■ **INPUT**:
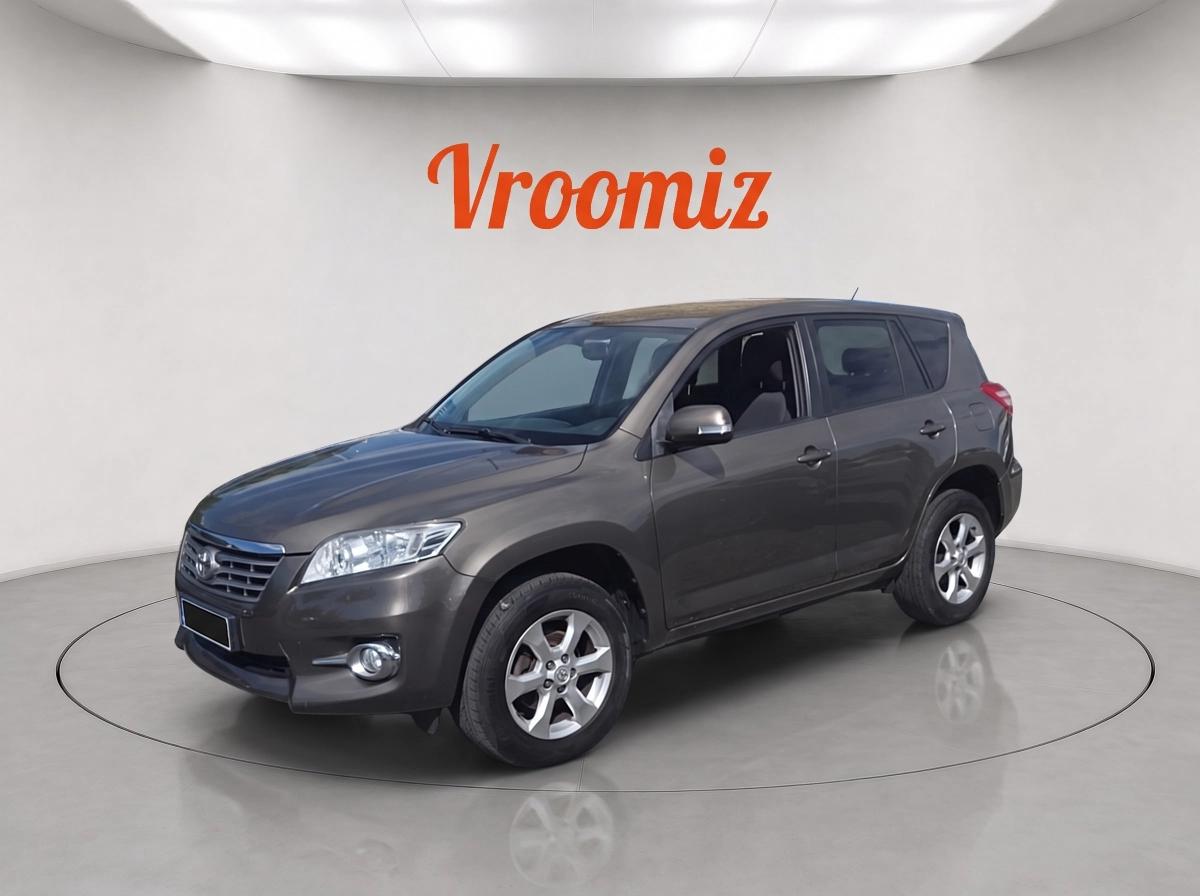 Toyota Rav-4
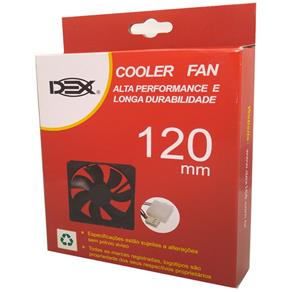 Cooler Fan 120Mm Dex 2138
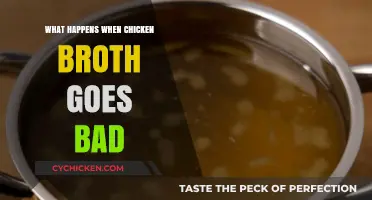 Spoiled Broth: Unraveling the Mysteries of Chicken Broth Gone Bad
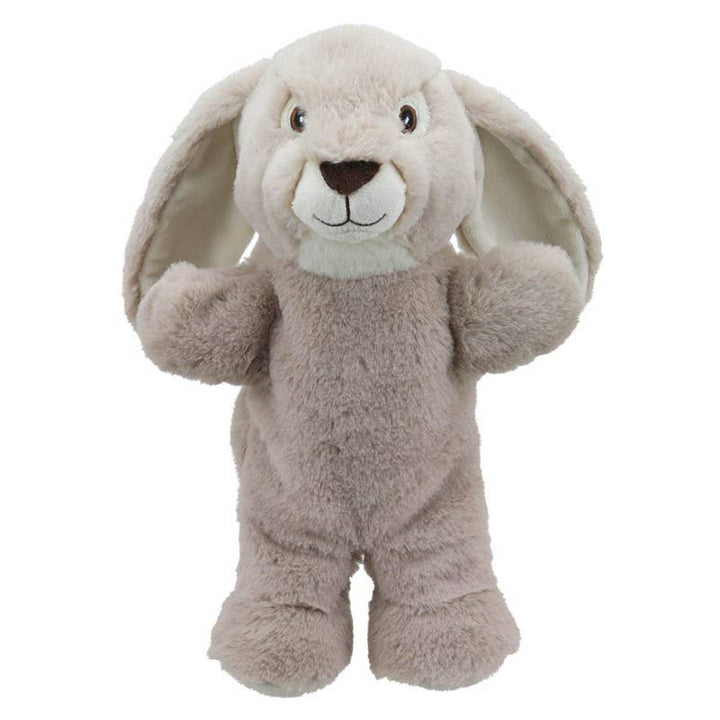 Eco Walking Hand Puppets - Rabbit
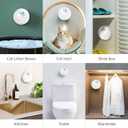 uahpet Cat Litter Deodorizer Odor Eliminator 99.9% Dust-Fall for All Kinds of Cat Litter Box Bathroom Wardrobe Kitchen and Small Area 80% Deodorization /99% Deodorization)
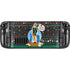Elf Does Someone Need a Hug Steam Deck Handheld Gaming Computer OLED Skin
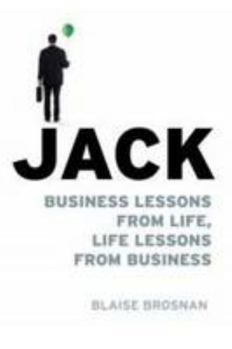 Paperback Jack: Business Lessons from Life, Life Lessons from Business Book
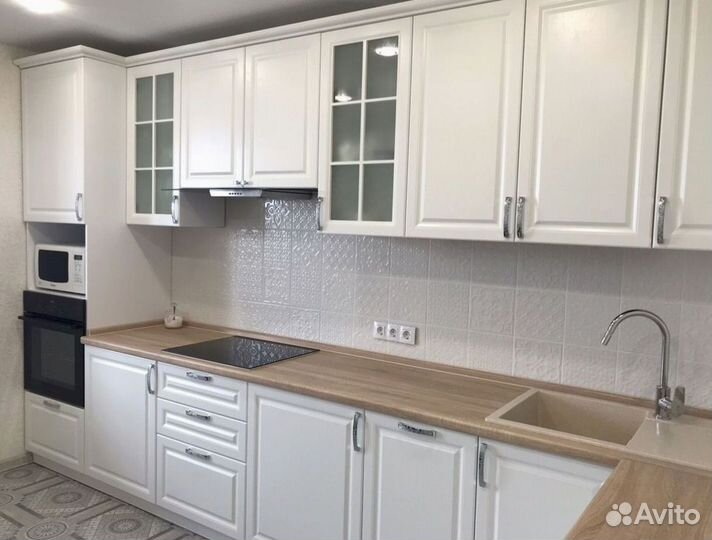 Современная кухня по вашим размерам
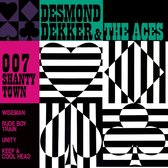 Desmond Dekker - 007 Shanty Town (Ltd. Magenta Coloured Vinyl) (LP)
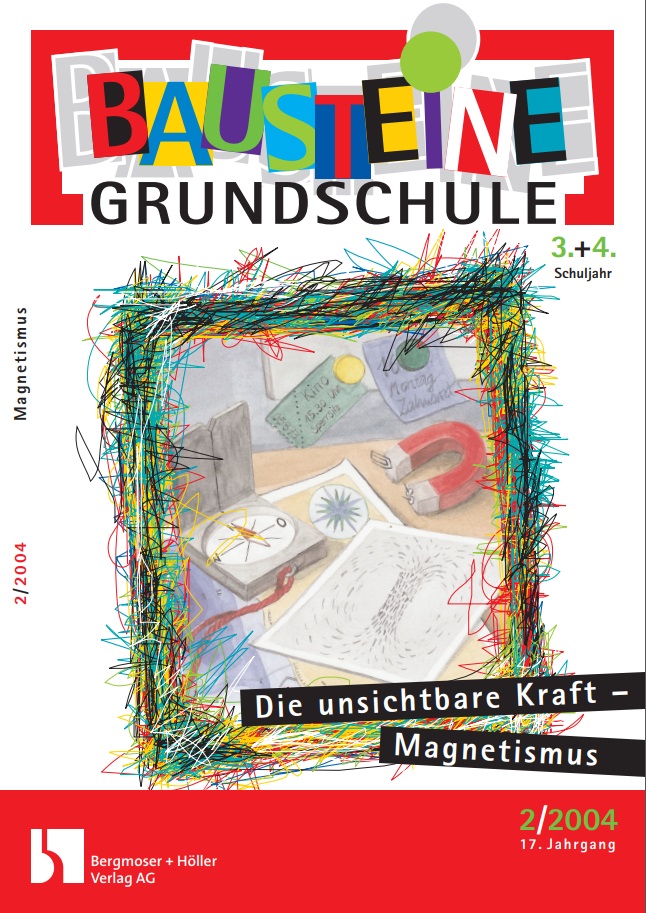 Magnetismus - Bausteine Grundschule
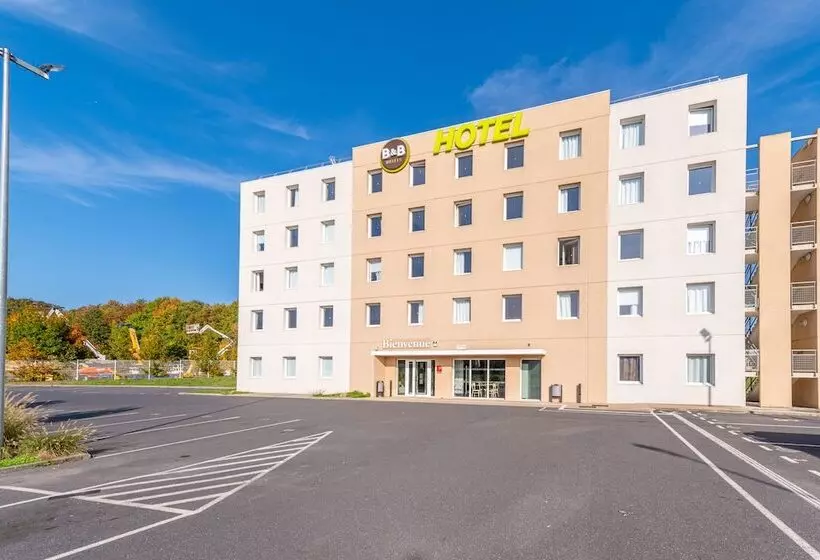 B&b Hotel Lieusaint Carré Sénart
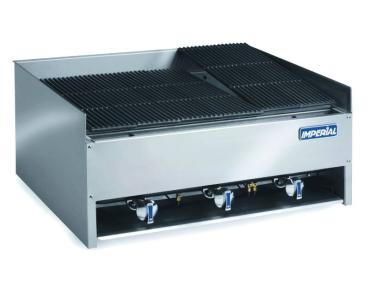 Imperial 32' Char-Rock Chargrill - EBA-3223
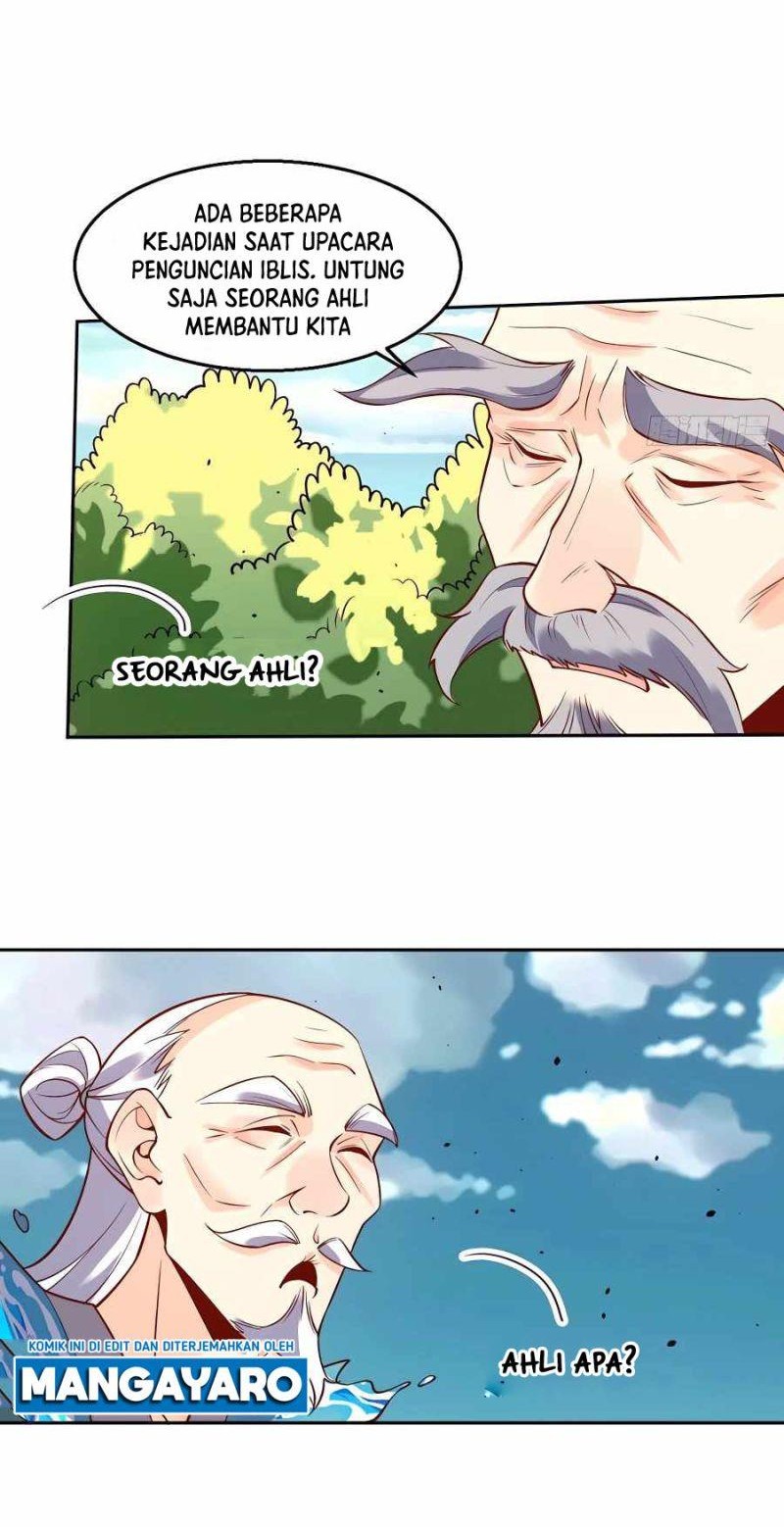 I’m Actually A Cultivation Bigshot Chapter 114 - halaman 11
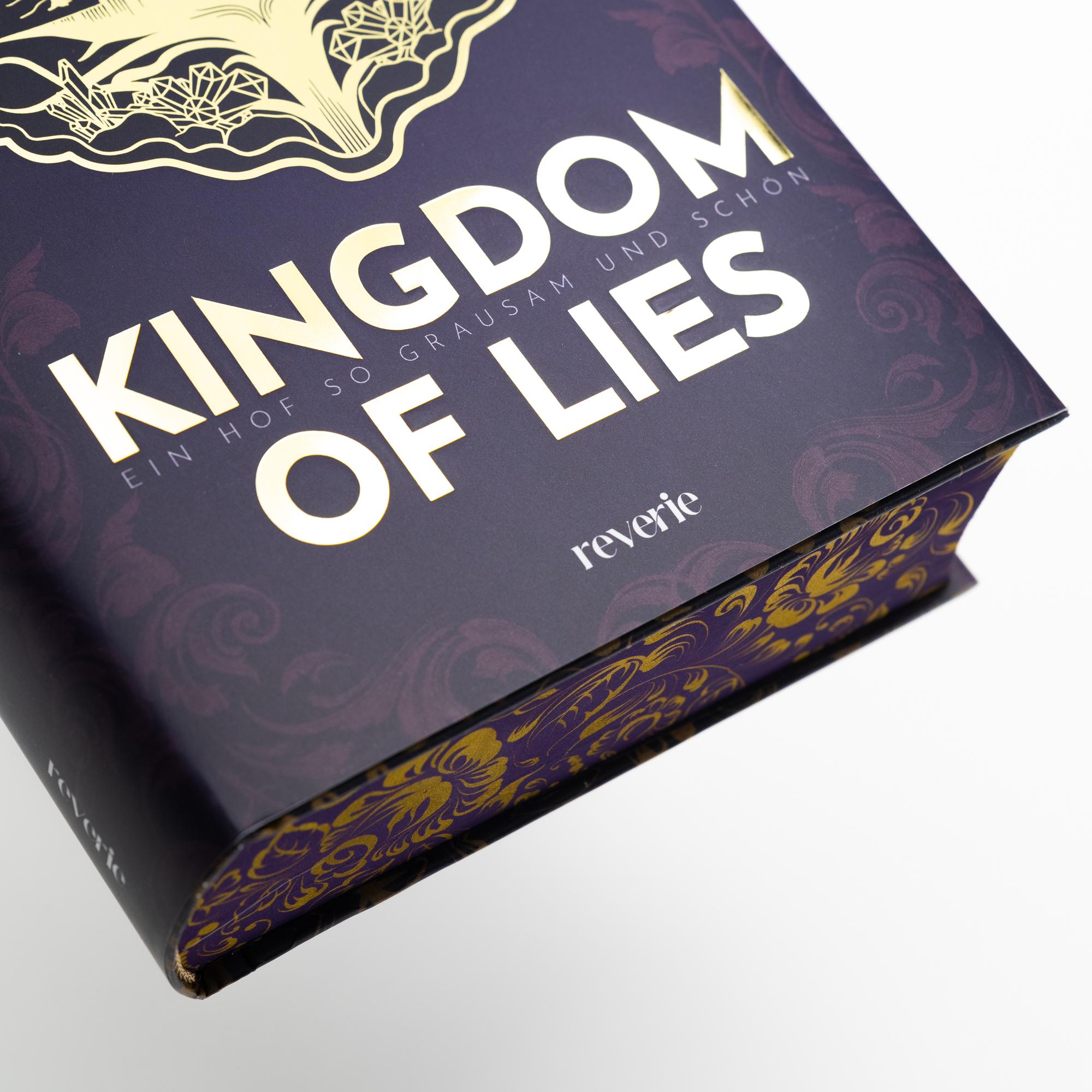 Beispielinhalt (Bild) Kingdom of Lies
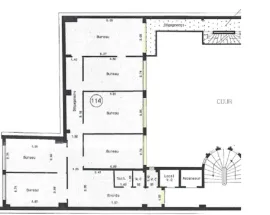 Location Location Bureaux Paris 75008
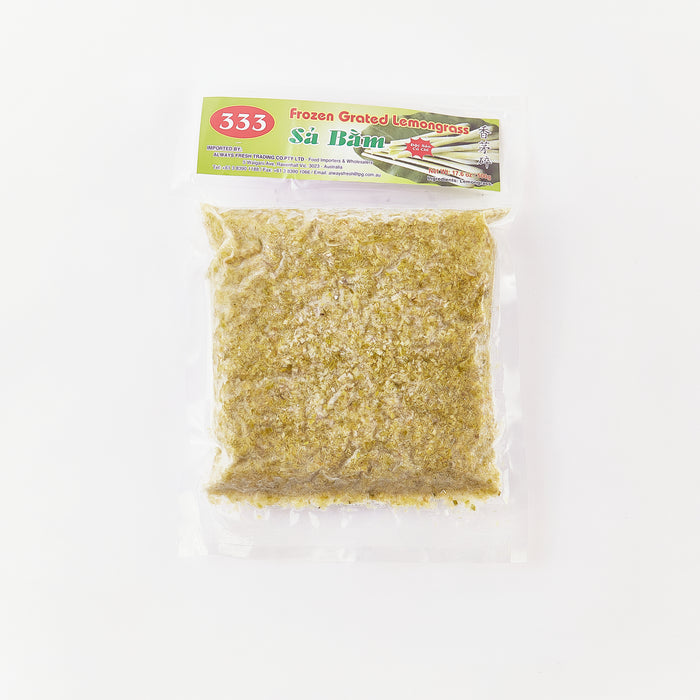 Grated Lemon Grass .500gr x 10packs/CARTON
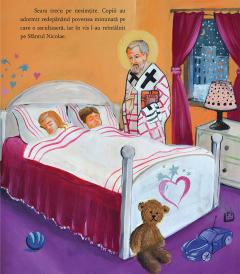 Povestea minunata a Sfantului Nicolae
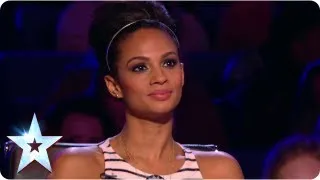 Will Alesha Dixon find love on this week's show? | Britain's Got Talent 2013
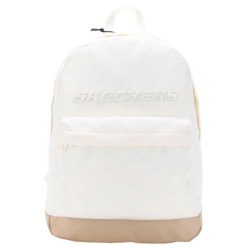 Plecak damski Skechers Denver Backpack pojemność 20 L. Brązowe plecaki damskie Skechers, bez wzorów, sportowe. Za 98.99 zł.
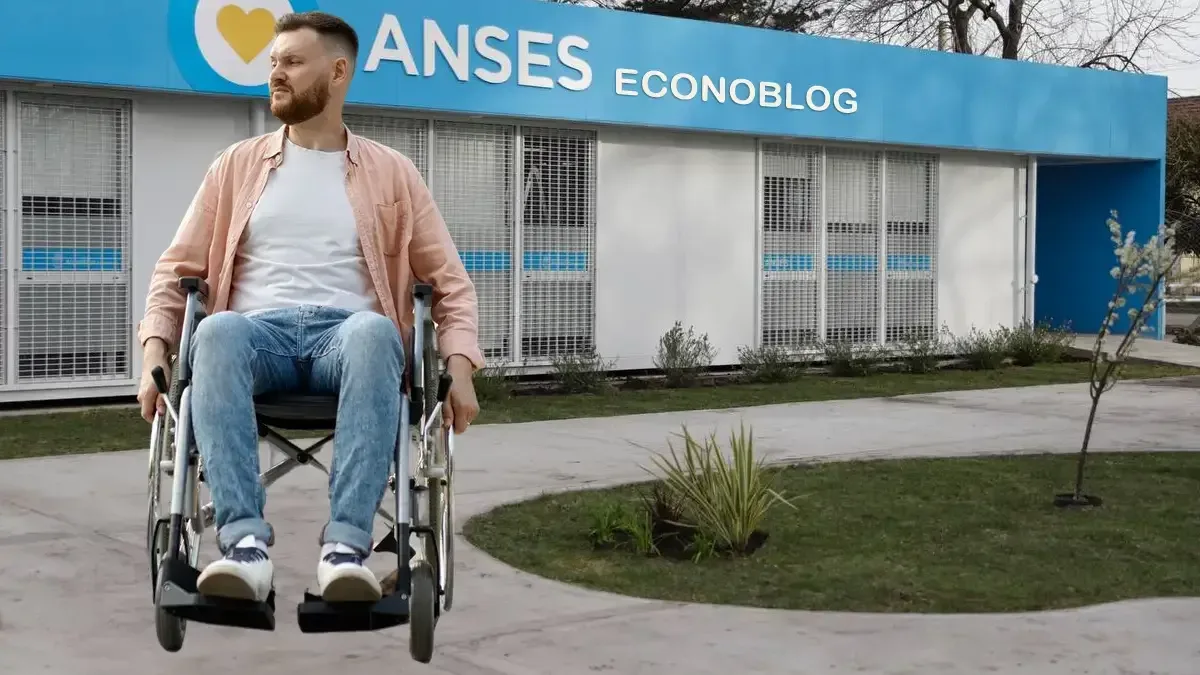 Proyecto del Gobierno busca modificar las Pensiones no Contributivas por Discapacidad en 2027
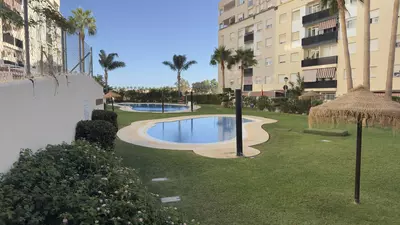Middle Floor Apartment in Nueva Andalucía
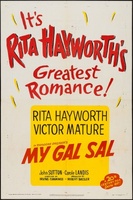 My Gal Sal movie poster (1942) Sweatshirt #1199226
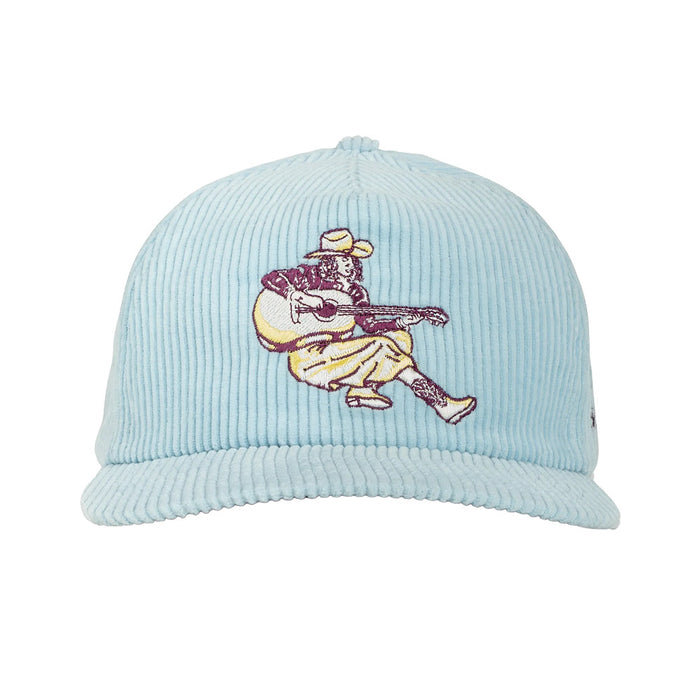 Sendero Provisions Co Men's Play A Song Blue Cap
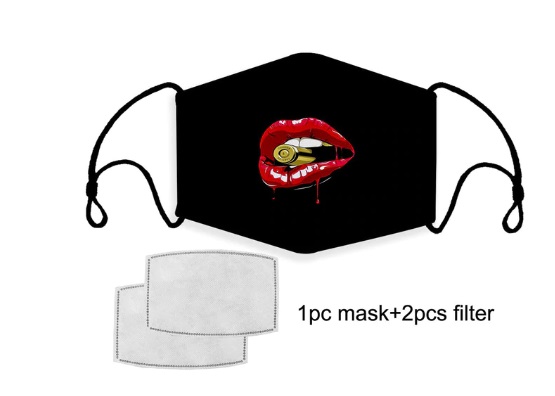 mascarillas dibujos animados Aliexpress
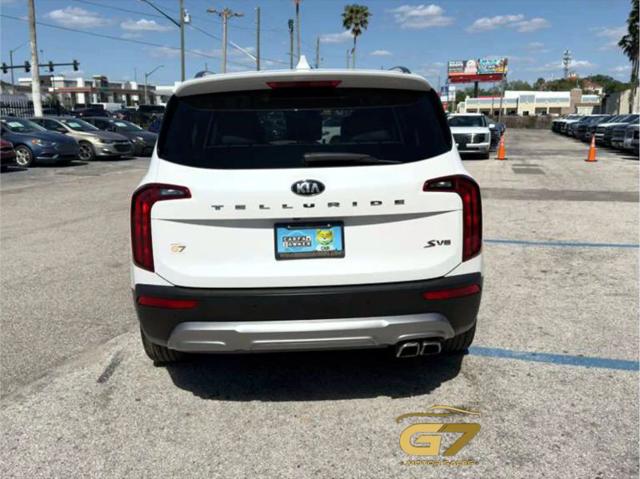 2020 Kia Telluride S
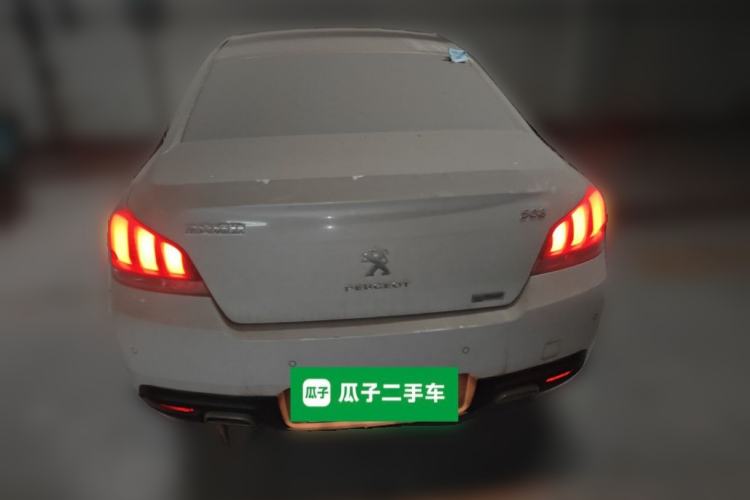 Used Peugeot 508 2015 1.6THP Automatic Prestige Edition
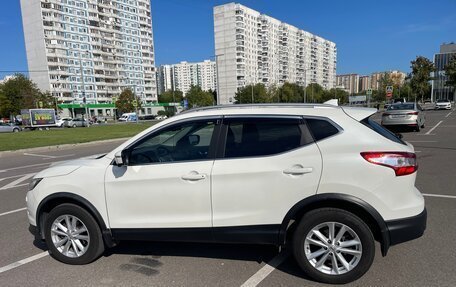 Nissan Qashqai, 2017 год, 1 920 000 рублей, 10 фотография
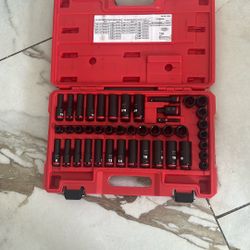 Milwaukee  Set. Model. 49-66-7009. 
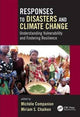 Book cover of: Responses to Disasters and Climate Change. By: Miriam S. Chaiken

■ **REQUIRED WORK**: Reproduce the records in full and leave the images behind.

■ **OUTPUT FOR THIS EXERCISE**:
 Toyota Rav-4
 Cooler Fan 120Mm Dex 2138
 Spoiled Broth: Unraveling the Mysteries of Chicken Broth Gone Bad
 Eco Walking Hand Puppets - Rabbit
 uahpet Cat Litter Deodorizer Odor Eliminator 99.9% Dust-Fall for All Kinds of Cat Litter Box Bathroom Wardrobe Kitchen and Small Area 80% Deodorization /99% Deodorization)
Elf Does Someone Need a Hug Steam Deck Handheld Gaming Computer OLED Skin
 Paperback Jack: Business Lessons from Life, Life Lessons from Business Book
 Современная кухня по вашим размерам
 Desmond Dekker - 007 Shanty Town (Ltd. Magenta Coloured Vinyl) (LP)
 Magnetismus - Bausteine Grundschule
 B&b Hotel Lieusaint Carré Sénart
 Imperial 32' Char-Rock Chargrill - EBA-3223
 I’m Actually A Cultivation Bigshot Chapter 114 - halaman 11
 Beispielinhalt (Bild) Kingdom of Lies
 Location Location Bureaux Paris 75008
 Grated Lemon Grass .500gr x 10packs/CARTON
 Povestea minunata a Sfantului Nicolae
 Will Alesha Dixon find love on this week's show? | Britain's Got Talent 2013
 Plecak damski Skechers Denver Backpack pojemność 20 L. Brązowe plecaki damskie Skechers, bez wzorów, sportowe. Za 98.99 zł.
 Proyecto del Gobierno busca modificar las Pensiones no Contributivas por Discapacidad en 2027
Middle Floor Apartment in Nueva Andalucía
 My Gal Sal movie poster (1942) Sweatshirt #1199226
 Sendero Provisions Co Men's Play A Song Blue Cap
 mascarillas dibujos animados Aliexpress
 2020 Kia Telluride S
 Used Peugeot 508 2015 1.6THP Automatic Prestige Edition
 Nissan Qashqai, 2017 год, 1 920 000 рублей, 10 фотография
 Milwaukee  Set. Model. 49-66-7009. 
 Book cover of: Responses to Disasters and Climate Change. By: Miriam S. Chaiken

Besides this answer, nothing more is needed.